Aqui em Angola, no leste. Há anos que tenho dito "um dia vou a Macondo, no leste".

Gabriel García Márquez chegou a saber da Macondo angolana?
Aparentemente não. Mas depois de escrever o seu livro Macondo ficou tão conhecida que na Colômbia criaram uma cidade chamada Macondo para responder à demanda dos leitores. É o que queria dizer: quando a sua ficção alcança um sucesso muito grande, ela passa a ser real.

O sucesso literário ocorre necessariamente em função da qualidade ou mais da máquina promocional por detrás da obra?
Acho que tem muito que ver com a própria obra. Às vezes, por muita promoção que você tenha, não alcança o sucesso. Há escritores com uma obra de grande qualidade, mas essa obra é mais difícil. Em Portugal tem o caso do António Lobo Antunes, que é um grande escritor, que nos seus primeiros livros chegou a vender cem mil exemplares. Hoje é muito difícil, os seus livros alcançam os dez mil exemplares vendidos. Como é que se explica? Acho que tem que ver com a própria dificuldade da obra do Lobo Antunes, que se foi tornando cada vez mais difícil de ler. A obra dele exige leitores muito sofisticados. A mesma coisa acontece com o Luandino Vieira, não é qualquer leitor que tem acesso à sua obra, tem de ser uma pessoa com muita leitura. A obra do Luandino no início era muito simples. Mas aqui em Angola há outras razões. A começar pelo preço do livro, que no tempo de partido único era muito barato e as pessoas compravam livros. Se calhar não os liam, mas compravam. Tudo isso tem que ver com a formação de leitores, precisamos de formar leitores.

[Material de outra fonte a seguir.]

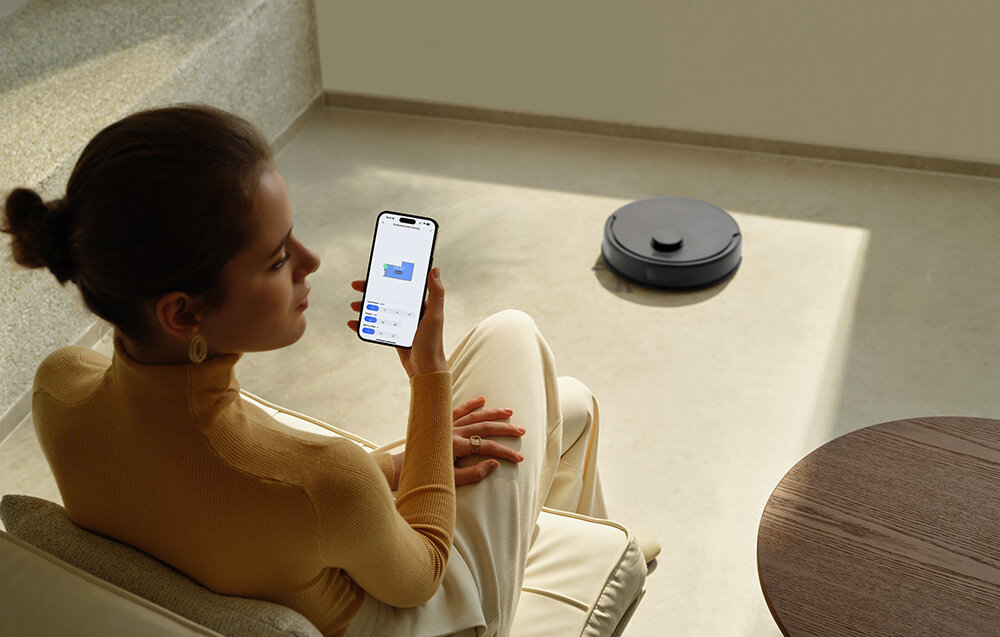 Robot sprzątający MOVA E20 Pełna kontrola z aplikacją proste w obsłudze aplikacja mobilna  z asystentami głosowymi, takimi jak Alexa, Siri i Google Assistant  za pomocą komend głosowych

Como é que se forma leitores?
Fazendo que as pessoas tenham acesso ao livro. Isso deve começar no ensino básico, não só formando professores mas permitindo que a escola tenha a sua biblioteca. No Brasil, antes desse descalabro absoluto com o senhor Bolsonaro, o governo Lula, que terá cometido muitos erros mas também teve muitos acertos, começou a instalar bibliotecas públicas e bibliotecas em escolas. A dada altura, o governo brasileiro era o maior comprador de livros no mundo, depois da China. Comprava livros exatamente para instalar bibliotecas em comunidades carentes, nas escolas, etc. Este é um exemplo que devemos copiar. Não se pode desenvolver um país sem a leitura, sem livros. O essencial é levar o livro às pessoas. Em Angola os livros estão caríssimos. Estão a dizer-me que o livro que vou lançar agora vai custar dez mil kwanzas (à volta de 25 euros). Quem é que vai comprar esse livro? Eu não comprava. Há uma ligação direta entre a leitura e o desenvolvimento.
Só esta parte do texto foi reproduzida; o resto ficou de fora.